The speech made by Alistair Carmichael, the Liberal Democrat MP for Orkney and Shetland, in the House of Commons on 4 February 2021.

It is exciting to watch the way in which the UK space industry is currently growing, but it is worth remembering that the roots of that growth are to be found in the civil space strategy of 2012 to 2016, which was launched by the then Minister for Universities and Science, David Willetts. I want briefly to remind the House of what David Willetts said in the foreword to that strategy:

“The possibilities of the next fifty years represent something very inspiring for this country. Our pragmatic approach to private and public sector partnerships has helped pave the way for a new era of space activity in Britain, with the UK Space Agency leading the way. So, a strategy is more than simply words. A strategy can shape the future.”

Indeed, it does.

The progress we have seen since then has brought us to the point in Shetland where we are proud to be home to the burgeoning and ever-growing Shetland spaceport in Unst, the most northerly of the Shetland islands. Last year, we were delighted to welcome the partnership between Unst and Lockheed Martin as the preferred site for its UK Pathfinder launch operation. We hope to hear further information soon with regard to its future intentions. Just this week, we were delighted to hear the announcement of the intention of HyImpulse, a German company, to launch its maiden orbital flight from Unst in 2023.

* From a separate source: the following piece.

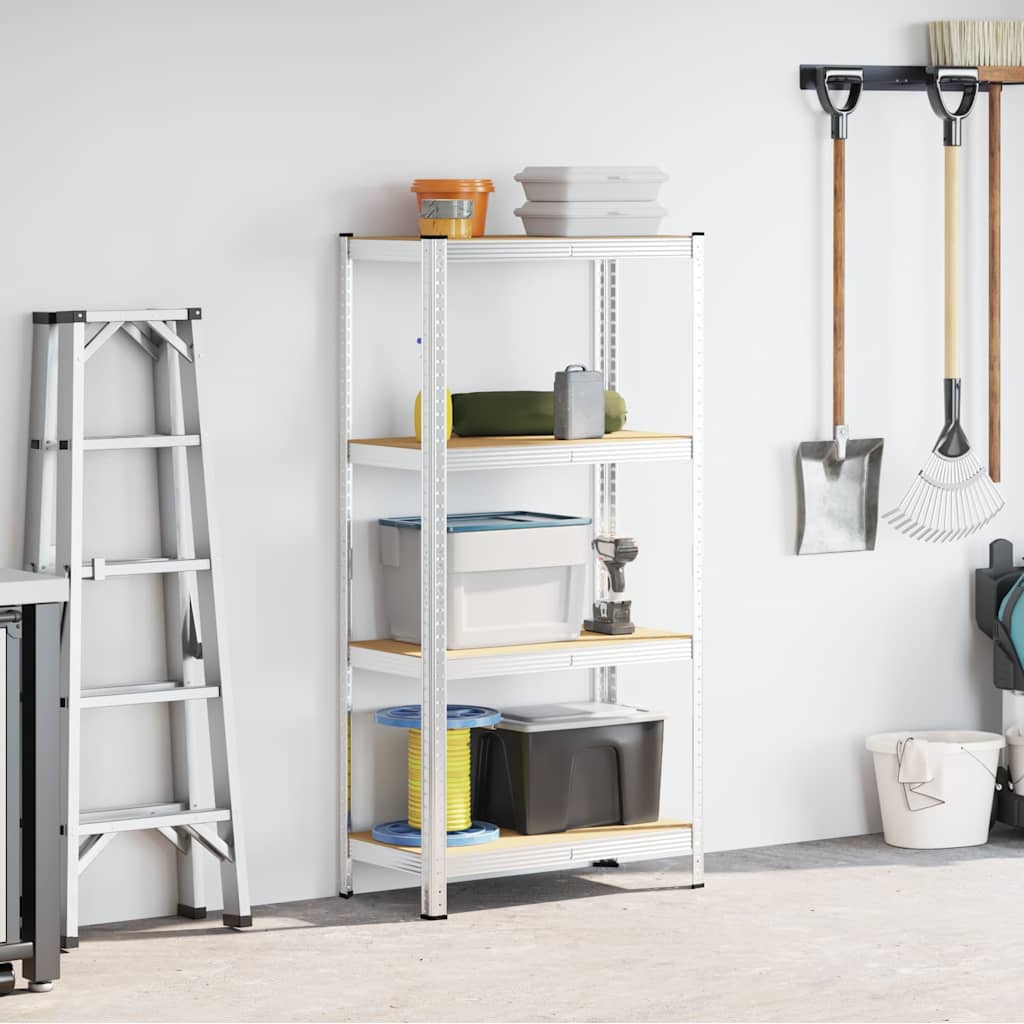 Vidaxl étagère de rangement 4 couches d'acier et bois traité, couleur argent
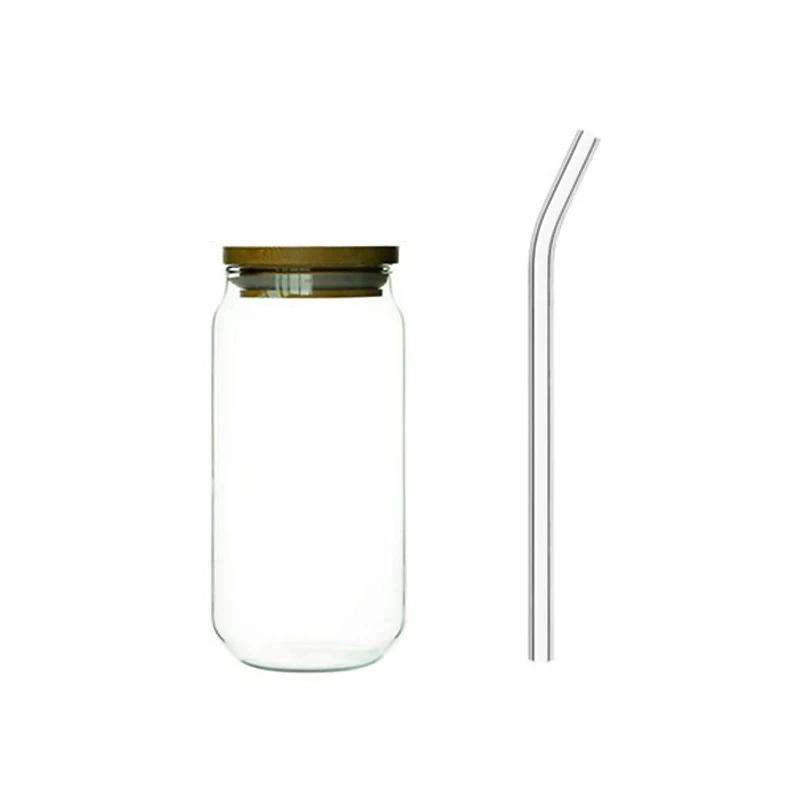 550ml/350ml Glass Cup With Lid and Straw Transparent Bubble Tea Cup Juice Glass Beer Can Milk Mocha Cups Breakfast Mug Drinkware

The question is, how do we go forward? That takes me back to David Willetts’s words. We were dismayed to read recently in The Press and Journal that the view of Scottish Minister Fiona Hyslop is that the Sutherland site is best placed to achieve the first launch by the target date of next year. There are opportunities for all the communities involved in the growth of the UK space sector, and that was a rather bold and ill-considered assertion. It does not help anyone for the Scottish Government to be seen to favour one site over another.

As we look for a way forward, I take the Minister back again to the words of David Willetts and encourage her to build the strongest possible engagement with the companies that are doing business in this sector—they are the ones that know it best—rather than relying on information from politicians or public sector agencies, who may occasionally have an axe to grind. The Government have work aplenty to do in creating a fresh regulatory framework. Let us leave the commercial decisions to the companies that know best and that will put their money where their mouths are.